Años después, cuando ya se había trasladado a México, Sarita,
impenitente, decidió personarse en el set donde la Doña estaba rodando.
Se coló, sigilosa, y se dedicó a observar a su ídolo desde una esquina
del plató. Pero el recelo de María Félix ante aquella incipiente rival
le aguzó la vista, porque reparó en Sarita y exigió que la echasen del
set. Según palabras de Sarita, se fue llorando “como una magdalena”.
A imitación de San Pedro, María Félix negó a Sarita tres veces. El
último desaire vino a la muerte de Jorge Negrete, esposo de la mexicana,
quien no dudó en infligirlo en un cementerio a rebosar de paparazzis.
De allí, también expulsó a Sarita.
“Pero la vida es tremenda, y cuanto más me despreciaba ella, yo más
la defendía como artista…”, reconoció Sarita, a quien el destino aún
brindaría otra oportunidad de cruzarse con doña María.
Corría ya el año 1998, y María Félix fue a Madrid para que le
rindieran un homenaje.

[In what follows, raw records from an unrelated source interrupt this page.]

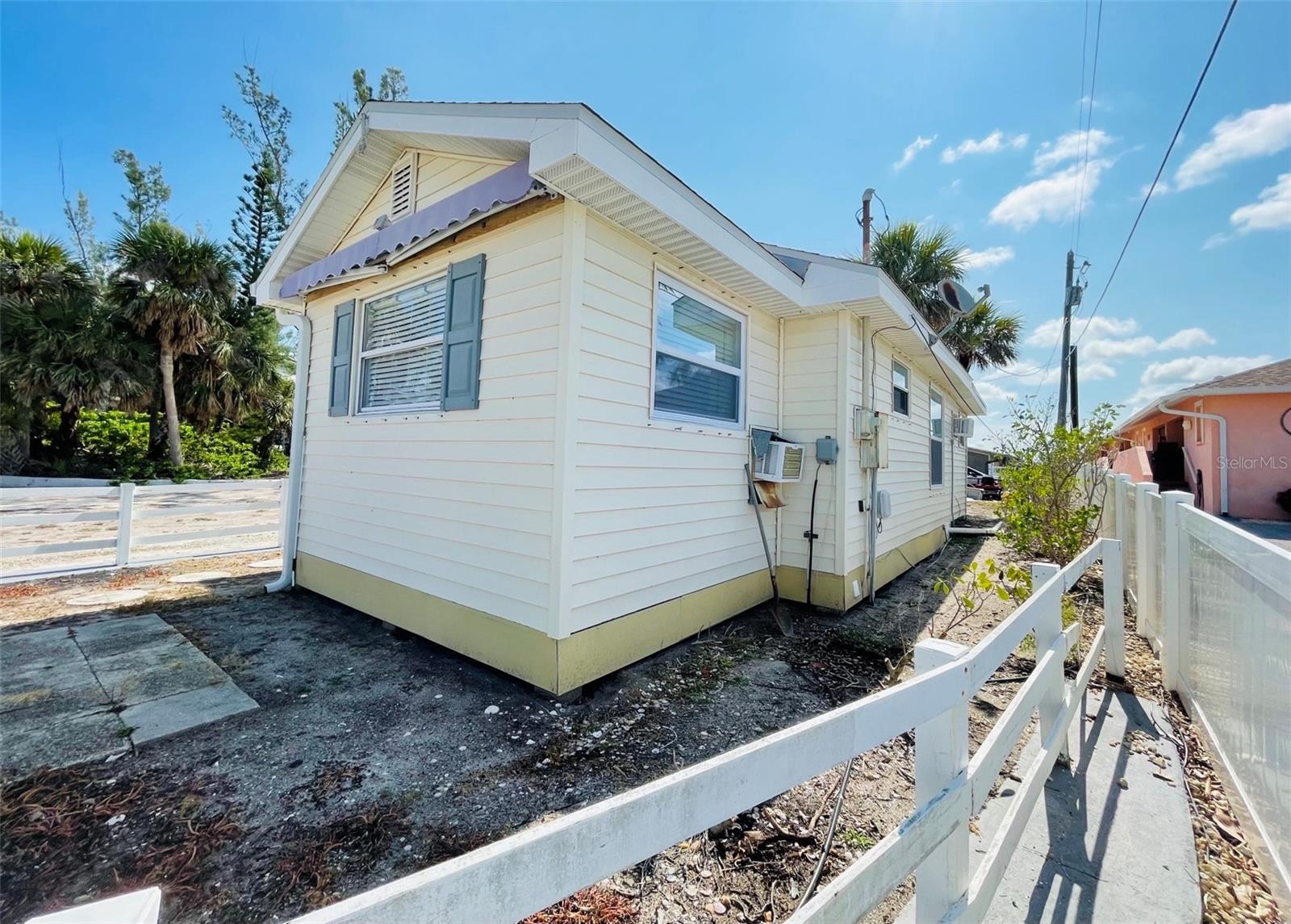 2645 N BEACH RD #3, ENGLEWOOD, FL, 34223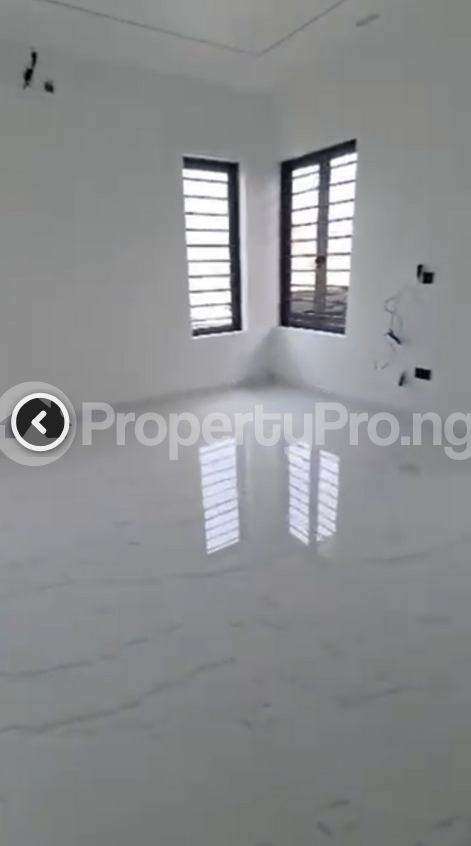 5 bedroom Flat / Apartment for sale Opebi Ikeja Lagos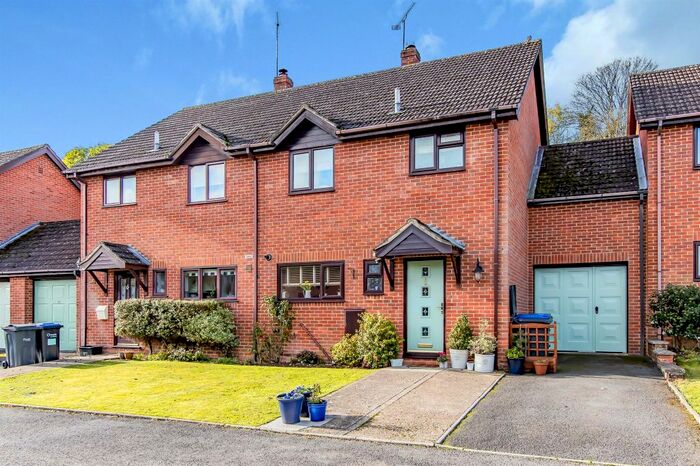 4 Bedroom Semi-Detached House For Sale In Wyndham Farm Cottages, Allington, Salisbury SP4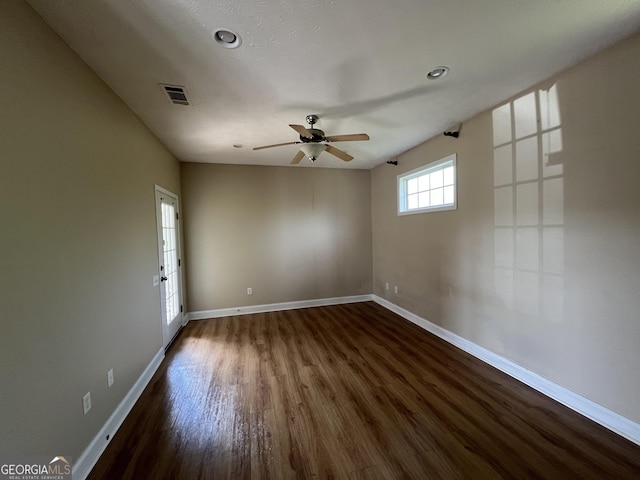 614 Cottage Ln, Lagrange, GA 30240 - kitchen featuring a sink, visible vents, dark countertops, baseboards, and black appliances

Con un tesón realmente leonino, Sarita acudió al
teatro donde se iba a celebrar el acto, se apoderó de unas flores que
había en un jarrón del vestíbulo y allí se apostó a esperar al objeto de
su veneración, convencida de que, de esa emboscada, no se podría
escabullir.
Y, en efecto. En esta ocasión, una María Félix ya anciana que andaba
con dificultad no pudo escaparse de la tenacidad de Sarita, y acabó
entrando al escenario apoyada en su brazo. Allí, un numeroso público la
ovacionó, y María Félix dijo: “Quiero compartir este aplauso con mi
amiga Sara Montiel”. Acto seguido, le pidió que le cantara “La
Violetera”. Y Sarita se la cantó.
Luego, se marcharon juntas a un restaurante que Sarita mandó que
abrieran expresamente para ellas dos y en él degustaron una paella.
Aquel día, María Félix cumplía 84 años y, para celebrarlo, sólo tenía a
Sara. Más tarde, ésta la llevó a su hotel, al día siguiente acudió para
ayudarla a vestirse y la condujo hasta el avión en el que tenía que
regresar a París. Al despedirse, María Félix le dijo a Sarita: “Sólo te
deseo que no entierres a un hijo. Muérete tú primero”.
Como no podía ser de otra forma tratándose de un consejo de su
idolatrada María Félix, Sarita, que en tantas ocasiones la desafió con
su inquebrantable afecto, le ha hecho caso. Al menos, por una vez. Descanse en paz.